Whiskey Review: American Fifth Bourbon Whiskey - The Whiskey Wash

Whiskey Review: American Fifth Bourbon Whiskey

Editor’s Note: This whiskey was provided to us as a review sample by American Fifth Spirits. This in no way, per our editorial policies, influenced the final outcome of this review.

When one thinks of whiskey distilled in-state, Michigan is a relative newcomer to the game. While some of this might be simple marketing and branding of its southern neighbors, part of it also relates to arcane laws that were overturned relatively recently. In 2008, according to Michigan Live, the Michigan Liquor Control Commission made several big changes to distilling laws. They dropped the price of a micro distillers license significantly, from $10,000 to $150.

The site also mentions, “They also changed the rules about what you could distill. Prior to this, you could only distill fruit based liqueurs in Michigan. The change allowed distillers to distill whatever they wanted, which meant they could now produce anything from rum, to whiskey, to tequila and more.”

The result of these laws have resulted in a plethora of new businesses. Back in February, I reviewed Coppercraft, another Michigan distillery which opened in 2012.We’ve also featured a number of relatively new Michigan-based distilleries on the site, including Long Road, New Holland Spirits, Two James Spirits, and Gray Skies, so there’s obviously some action happening in the area.

American Fifth Spirits bills itself as Lansing, Michigan’s first distillery, opened in 2015. They use only Michigan-grown grains in their products, and offer four core beverages sold across the state: gin, vodka, signature malt whiskey, and bourbon. The bourbon won a gold medal in the “Craft Whiskey” category at the 2018 San Francisco World Spirits Competition, making it the only gold medal-winning whiskey entirely crafted and distilled in Michigan.

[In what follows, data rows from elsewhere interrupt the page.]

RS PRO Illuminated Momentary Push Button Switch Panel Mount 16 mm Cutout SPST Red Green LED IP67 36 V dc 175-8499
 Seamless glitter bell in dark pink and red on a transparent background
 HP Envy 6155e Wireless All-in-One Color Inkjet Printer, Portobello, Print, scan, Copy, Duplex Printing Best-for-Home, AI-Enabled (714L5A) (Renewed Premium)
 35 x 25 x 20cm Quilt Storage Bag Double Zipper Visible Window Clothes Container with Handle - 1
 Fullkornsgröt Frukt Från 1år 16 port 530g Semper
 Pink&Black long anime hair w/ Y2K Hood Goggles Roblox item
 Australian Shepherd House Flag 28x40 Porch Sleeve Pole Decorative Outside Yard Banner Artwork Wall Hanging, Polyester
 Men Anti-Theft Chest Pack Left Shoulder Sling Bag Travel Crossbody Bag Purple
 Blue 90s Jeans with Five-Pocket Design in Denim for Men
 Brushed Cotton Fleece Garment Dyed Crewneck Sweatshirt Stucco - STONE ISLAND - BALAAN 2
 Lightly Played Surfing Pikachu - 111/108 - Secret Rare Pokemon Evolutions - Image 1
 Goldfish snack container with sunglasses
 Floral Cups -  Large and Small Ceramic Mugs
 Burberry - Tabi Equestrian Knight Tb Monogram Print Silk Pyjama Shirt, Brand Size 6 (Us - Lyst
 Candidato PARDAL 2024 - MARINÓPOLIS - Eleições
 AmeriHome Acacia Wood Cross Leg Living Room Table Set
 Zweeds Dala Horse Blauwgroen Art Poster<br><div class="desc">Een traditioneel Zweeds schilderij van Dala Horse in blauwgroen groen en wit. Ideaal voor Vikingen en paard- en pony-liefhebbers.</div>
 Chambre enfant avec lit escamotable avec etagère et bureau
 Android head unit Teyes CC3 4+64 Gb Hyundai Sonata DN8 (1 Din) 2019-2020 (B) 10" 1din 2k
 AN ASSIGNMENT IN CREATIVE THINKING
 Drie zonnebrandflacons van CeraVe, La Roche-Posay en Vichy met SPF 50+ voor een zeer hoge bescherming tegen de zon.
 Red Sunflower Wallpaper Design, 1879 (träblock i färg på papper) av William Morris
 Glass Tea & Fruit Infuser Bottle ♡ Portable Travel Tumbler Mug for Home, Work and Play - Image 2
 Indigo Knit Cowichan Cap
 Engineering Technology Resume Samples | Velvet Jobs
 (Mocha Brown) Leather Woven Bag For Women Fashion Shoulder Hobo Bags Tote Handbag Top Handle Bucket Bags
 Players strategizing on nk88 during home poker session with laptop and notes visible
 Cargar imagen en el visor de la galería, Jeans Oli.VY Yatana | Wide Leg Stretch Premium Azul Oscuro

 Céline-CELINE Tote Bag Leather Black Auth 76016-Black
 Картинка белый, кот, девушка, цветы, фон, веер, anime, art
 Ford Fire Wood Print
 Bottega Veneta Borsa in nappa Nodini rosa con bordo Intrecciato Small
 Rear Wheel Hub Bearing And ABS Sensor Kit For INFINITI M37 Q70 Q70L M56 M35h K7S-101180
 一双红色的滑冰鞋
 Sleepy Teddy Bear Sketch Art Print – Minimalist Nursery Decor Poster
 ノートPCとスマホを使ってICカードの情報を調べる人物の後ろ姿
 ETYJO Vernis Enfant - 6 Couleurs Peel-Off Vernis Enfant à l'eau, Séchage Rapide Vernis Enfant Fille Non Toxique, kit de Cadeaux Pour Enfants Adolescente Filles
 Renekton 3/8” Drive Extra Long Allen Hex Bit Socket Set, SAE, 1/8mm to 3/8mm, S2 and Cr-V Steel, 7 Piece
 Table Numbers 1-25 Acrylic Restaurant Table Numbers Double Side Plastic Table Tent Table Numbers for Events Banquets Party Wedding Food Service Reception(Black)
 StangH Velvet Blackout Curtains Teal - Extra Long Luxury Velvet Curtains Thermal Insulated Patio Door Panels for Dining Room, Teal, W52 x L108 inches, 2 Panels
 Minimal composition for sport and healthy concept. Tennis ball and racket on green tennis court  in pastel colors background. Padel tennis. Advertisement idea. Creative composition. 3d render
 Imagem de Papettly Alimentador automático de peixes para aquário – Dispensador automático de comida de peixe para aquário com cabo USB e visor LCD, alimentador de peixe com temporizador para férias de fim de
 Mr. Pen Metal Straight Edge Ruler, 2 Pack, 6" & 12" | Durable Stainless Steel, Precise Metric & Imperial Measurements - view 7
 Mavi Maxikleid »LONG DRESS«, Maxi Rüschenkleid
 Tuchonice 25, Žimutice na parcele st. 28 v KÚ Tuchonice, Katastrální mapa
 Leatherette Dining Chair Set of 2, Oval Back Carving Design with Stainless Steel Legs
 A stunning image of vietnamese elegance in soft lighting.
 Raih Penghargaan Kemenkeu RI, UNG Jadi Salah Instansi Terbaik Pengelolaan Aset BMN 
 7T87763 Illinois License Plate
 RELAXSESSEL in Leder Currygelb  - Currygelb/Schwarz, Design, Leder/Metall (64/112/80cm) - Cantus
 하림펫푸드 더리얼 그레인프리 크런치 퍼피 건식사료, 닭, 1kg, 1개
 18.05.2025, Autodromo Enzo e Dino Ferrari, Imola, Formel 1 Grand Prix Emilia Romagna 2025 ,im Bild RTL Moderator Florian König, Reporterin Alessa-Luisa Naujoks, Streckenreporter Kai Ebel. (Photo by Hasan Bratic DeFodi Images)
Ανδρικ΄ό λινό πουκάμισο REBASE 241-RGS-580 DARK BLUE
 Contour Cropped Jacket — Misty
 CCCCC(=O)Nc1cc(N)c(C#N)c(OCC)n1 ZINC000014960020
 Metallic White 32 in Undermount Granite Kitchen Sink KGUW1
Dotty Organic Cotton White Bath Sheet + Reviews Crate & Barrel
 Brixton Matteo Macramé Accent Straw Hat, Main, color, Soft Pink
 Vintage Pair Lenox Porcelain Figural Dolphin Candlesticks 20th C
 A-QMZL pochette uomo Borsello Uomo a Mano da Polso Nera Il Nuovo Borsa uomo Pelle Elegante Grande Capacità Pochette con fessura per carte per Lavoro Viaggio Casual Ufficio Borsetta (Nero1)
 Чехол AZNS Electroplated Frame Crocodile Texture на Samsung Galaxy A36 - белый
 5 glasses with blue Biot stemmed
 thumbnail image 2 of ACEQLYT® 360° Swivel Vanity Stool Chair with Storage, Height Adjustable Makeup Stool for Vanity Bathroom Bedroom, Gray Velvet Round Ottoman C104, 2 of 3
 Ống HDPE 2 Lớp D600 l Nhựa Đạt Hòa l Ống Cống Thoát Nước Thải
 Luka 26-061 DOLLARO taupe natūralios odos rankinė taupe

American Fifth Bourbon Whiskey

American Fifth Bourbon Whiskey (image via American Fifth Spirits)

Tasting Notes: American Fifth Bourbon Whiskey

Vital stats: Made from 63 percent corn, 20 percent wheat, 12 percent malt, and 5 percent rye. It’s bottled at 90 proof and a 750 bottle will run you about $50. Only available in Michigan.

Appearance: Golden, but with a greenish cast. Like, right before the green flash of a sunset. It also reminds me of a well-worn banister, or bottom of a well-trod staircase on which someone has thrown a tattered seafoam green afghan.

Nose: Fresh paper, like a pulpy mill paper smell. But it’s kind of light and not really a powerful nose punch. It’s not very complex but on subsequent wafts, I also get Welch’s grape soda and Bubble Yum bubble gum, so also a little artificially fruity as well? Honestly, though, this is so light on the nose that someone could say any noun while I breathed this in and I would totally nod.

Palate: Very light! At 90 proof, it’s higher alcohol on the nose than on the palate. Upon sipping, I got a very pleasant, airy kind of earthy quality, and eucalyptus notes. On one hand, it’s not going to “ka-POW!” you with its funkiness or weirdness—but not all whiskies should. It’s very drinkable and light. Maybe a little dangerously drinkable. I liked this more than I expected, given its chemical nose.

The Takeaway

Summary

This is a pleasant and easy drink, And dangerous in that it goes down fast and it’s so light you don’t even realize you’re drinking it. It’s terrific for a warm weather cocktail; it won’t weigh you down at all. There isn’t massive complexity, but who wants that in the summer? All in all: It's a very nice companion who has lots of pleasant things to say.